CHAPTER 1       Flashlight
Helen's father was late. Not late enough to cause genuine anxiety, but sufficient to indicate an alternative agenda. She lit a cigarette and tried hard to ignore her aunt's disapproving expression.
   “He made the arrangements and he said six at the latest.” She returned once more to the window, her arms wrapped

protectively round her too-thin frame.
   “Then he'll be here,” reassured Aunt Rosemary. “Stop flapping, for heaven's sake. And cut down on the smoking, or he'll blame Edward and me for not looking after you.”
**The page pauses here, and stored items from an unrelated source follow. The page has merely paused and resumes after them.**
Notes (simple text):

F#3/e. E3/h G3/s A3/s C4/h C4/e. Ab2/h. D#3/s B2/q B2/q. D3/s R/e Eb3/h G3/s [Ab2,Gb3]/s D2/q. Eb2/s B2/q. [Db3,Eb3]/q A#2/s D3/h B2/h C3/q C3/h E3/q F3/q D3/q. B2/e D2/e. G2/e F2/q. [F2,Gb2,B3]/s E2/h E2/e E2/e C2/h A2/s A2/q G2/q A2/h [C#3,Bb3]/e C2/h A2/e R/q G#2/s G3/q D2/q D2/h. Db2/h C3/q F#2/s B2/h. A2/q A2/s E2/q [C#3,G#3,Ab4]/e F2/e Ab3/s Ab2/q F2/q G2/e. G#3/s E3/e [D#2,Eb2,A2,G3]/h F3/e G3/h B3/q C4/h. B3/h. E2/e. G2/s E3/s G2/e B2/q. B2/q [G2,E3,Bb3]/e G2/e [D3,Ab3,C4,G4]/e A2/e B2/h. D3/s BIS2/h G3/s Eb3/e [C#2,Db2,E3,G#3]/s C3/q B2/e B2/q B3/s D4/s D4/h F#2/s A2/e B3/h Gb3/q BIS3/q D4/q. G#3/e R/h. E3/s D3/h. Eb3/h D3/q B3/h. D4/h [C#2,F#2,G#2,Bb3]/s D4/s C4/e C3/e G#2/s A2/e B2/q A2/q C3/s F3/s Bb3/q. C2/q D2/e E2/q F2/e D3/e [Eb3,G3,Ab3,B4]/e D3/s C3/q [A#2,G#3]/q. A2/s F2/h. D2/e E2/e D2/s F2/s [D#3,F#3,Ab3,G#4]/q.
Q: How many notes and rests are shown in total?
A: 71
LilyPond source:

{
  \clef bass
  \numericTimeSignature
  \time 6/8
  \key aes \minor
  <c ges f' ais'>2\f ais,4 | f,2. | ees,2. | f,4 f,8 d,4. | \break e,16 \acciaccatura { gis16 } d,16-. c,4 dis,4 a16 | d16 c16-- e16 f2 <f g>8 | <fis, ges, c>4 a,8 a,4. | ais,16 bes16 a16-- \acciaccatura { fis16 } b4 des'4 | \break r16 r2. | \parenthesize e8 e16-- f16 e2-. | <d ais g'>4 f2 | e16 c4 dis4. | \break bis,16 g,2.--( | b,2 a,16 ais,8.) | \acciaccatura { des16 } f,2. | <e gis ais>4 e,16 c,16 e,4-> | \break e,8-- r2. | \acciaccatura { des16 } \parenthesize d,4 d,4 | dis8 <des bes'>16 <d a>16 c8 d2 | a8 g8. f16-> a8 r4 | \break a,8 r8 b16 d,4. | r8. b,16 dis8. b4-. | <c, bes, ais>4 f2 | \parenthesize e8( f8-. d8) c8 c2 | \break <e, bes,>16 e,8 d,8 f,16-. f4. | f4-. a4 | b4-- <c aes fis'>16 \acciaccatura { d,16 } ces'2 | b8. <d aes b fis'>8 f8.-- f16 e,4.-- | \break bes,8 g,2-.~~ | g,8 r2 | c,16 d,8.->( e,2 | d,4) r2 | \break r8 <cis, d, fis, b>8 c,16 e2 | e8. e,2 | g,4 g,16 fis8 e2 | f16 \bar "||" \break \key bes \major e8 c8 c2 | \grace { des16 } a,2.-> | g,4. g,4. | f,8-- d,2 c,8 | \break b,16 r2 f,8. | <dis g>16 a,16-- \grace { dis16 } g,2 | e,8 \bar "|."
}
   “Bollocks!” said Helen. “He knows you better than that.” She stubbed out the cigarette. “I’m sorry, I forgot I’m trying to give it up. And you and Uncle Edward have been so kind. I don’t know what I would have done without you.” She smiled with rueful affection at her father's sister, who had stepped in with decisive common sense when Helen's life was falling apart. Aunt Rosemary had glued it back together and carried Helen off to convalesce at her comfortable, Chichester home.
   A car was reversing rapidly up the drive. “At last!” said Helen.
   “Helen,” said her aunt, “Promise me you won't give him a hard time? Remember he's suffered too.”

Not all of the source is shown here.